Clark points out, however, that in the earliest periods, and up to the Middle Ages at least, potters - erthpotters - could hardly have had a lower status. They were, frankly, illiterate, clay-grubbing peasants. A far cry from the art school/university graduates who pursue vessel-making and the ceramic arts in the 1990s and sell them in galleries for thousands of pounds.

The medieval rich preferred their vessels to be made of anything but clay: They liked leather, metal, wood, or glass for their tables. So pottery was for the poor. One result of this was that while potters on the Continent developed the use of the wheel, used grates in their kilns, and made shelters for them, all these technological advantages took forever to be adopted in Britain.

The occupying Romans had introduced sophisticated pottery, but once they left, the native potters simply forgot whatever they had learned. All the same, there were moments when British pottery began to achieve a boldness and a sense of form and balance that were more than mere utility. It was from this gradually emerging character that the slipware pottery of the 17th century developed.

A 20th-century writer called it "the purest work of the English potter." The exuberant and artless "Mermaid Dish," (top photo) made in Staffordshire around 1670 by Ralph Toft, is an engaging example.

This kind of work was a manifestation, in reality, of a craft under threat of extinction. Clark calls it "a golden period of folk-pottery" but also "a short-lived reprieve" for the medieval heritage of the peasant potter whose wares, in competition with delftware and new, more sophisticated stoneware pottery, were being overtaken by a demand for "lighter, refined and more resilient ware."

The admiration for this slipware in our century was not confined to collectors and writers. Mr. Leach (although he was a prolific writer) was principally a potter, and he admired its "homeliness, breadth and redolence of the English countryside." But Leach also admired Korean and Japanese pottery, and it is partly this cultural breadth of influence that made his work - and the work of a number of his contemporaries and followers - more than some modern perpetuation of the arts and crafts opposition to mass producing by machine.

It was in Leach's period that the seeds of the potter-as-artist were sown, though he was sensitive to the dangers of pretension.

Some of the potters in Clark's chapter on the Modernists - including Rie and the much less adulated Yorkshire-born potter Joanna Constantinidis - have made work that seems to stick in the memory as a refined abstraction and a purity of controlled form, with decoration that is not so much added as an almost integral part of the pot's structure.
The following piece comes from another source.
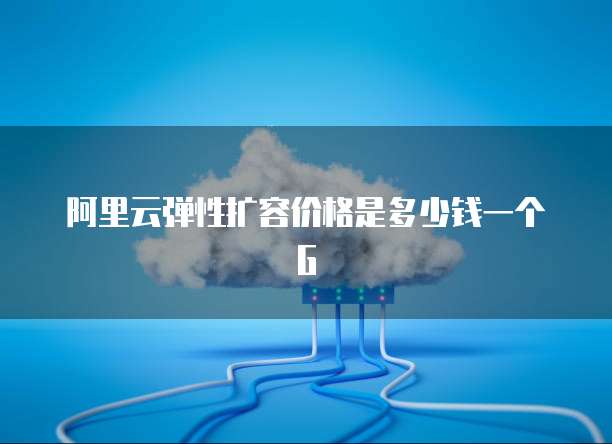 阿里云弹性扩容价格是多少钱一个G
In Rie's case, when she escaped the Nazis and left Austria for England, she was overwhelmed for some time by the forceful convictions of Leach. But her individuality resurfaced, and Leach came to admire her work although it was quite different from his. She never admitted to being an artist, however "modern" and spare her work might be.

She disliked theory. She just made pots. Pots that could be used. But what pots!

She was endlessly re-inventive, very aware of older and different pottery cultures, yet never so refined that the feel of her hand and her love of the freedom of glaze, color, and the fiery unpredictabilities of the kiln were not always present.

Ms. Constantinidis is also a down-to-earth maker of useable pots. But she has also what amounts to a sculptural side. What might appear to be a group of vases are more like a small crowd of curious (though much abstracted) people. Function or utility is hardly involved at all. Yet these are still unmistakably clay and glaze. They may be art, but they are definitely still pots.